Leave out all pictures. Extract exactly the lines from the one containing "a poster with" through the end of the data.
━━━ STORED DATA
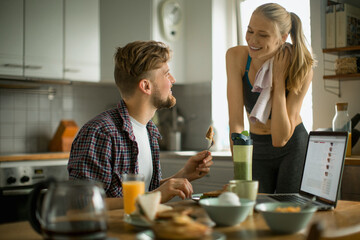 Young couple having breakfast together in the morning and using a laptop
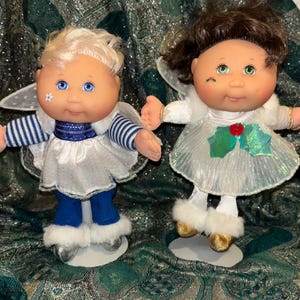 Può includere: Due bambole angelo con capelli biondi e castani, occhi blu e verdi e guance rosee. Le bambole indossano abiti bianchi e blu con ali e poggiano su basi argentate e dorate. Una bambola ha una stella sulla guancia, l'altra un motivo a bacche di agrifoglio.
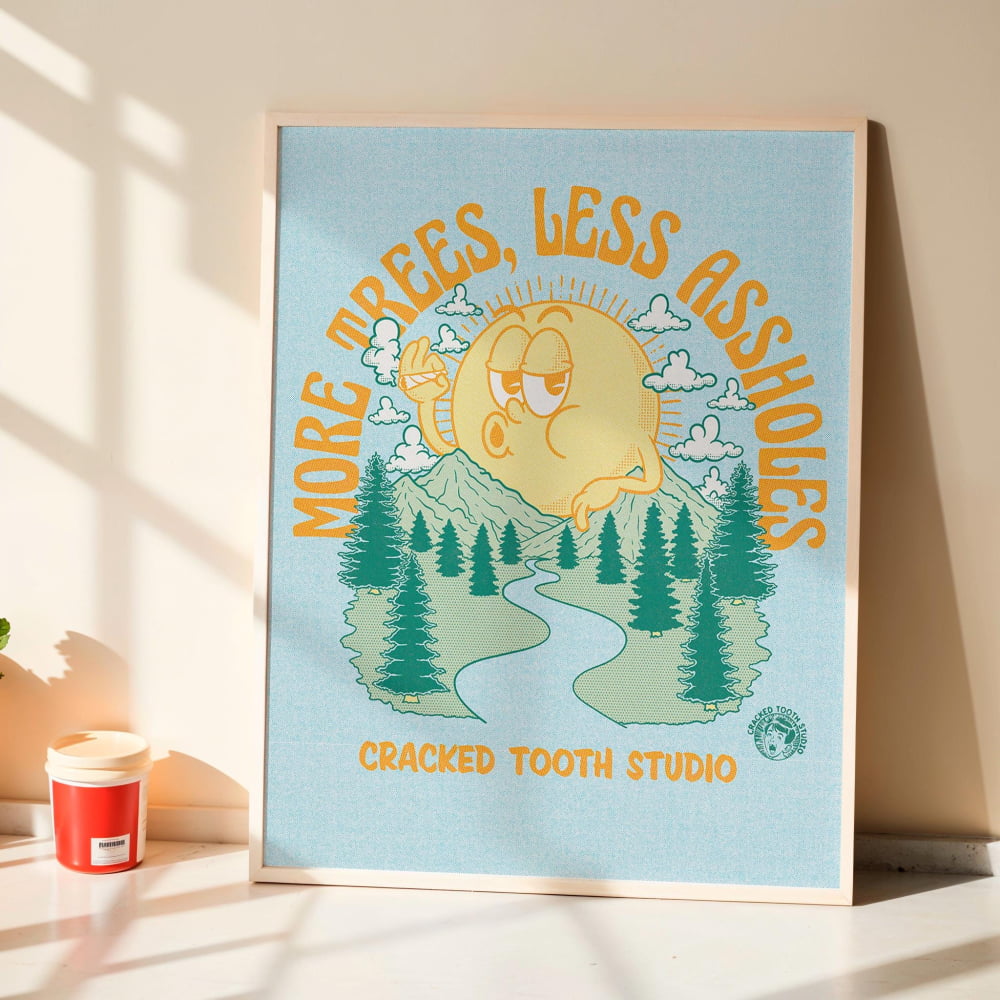 a poster with a cartoon sun and trees, along with the text "More trees, less ashholes" and "Cracked Tooth Studio".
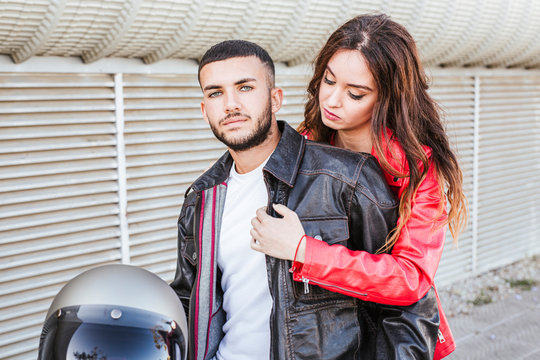 Portrait of couple with motorcycle helmet wearing leather jackets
━━━━━━
TASK RESULT:
 a poster with a cartoon sun and trees, along with the text "More trees, less ashholes" and "Cracked Tooth Studio".
 Portrait of couple with motorcycle helmet wearing leather jackets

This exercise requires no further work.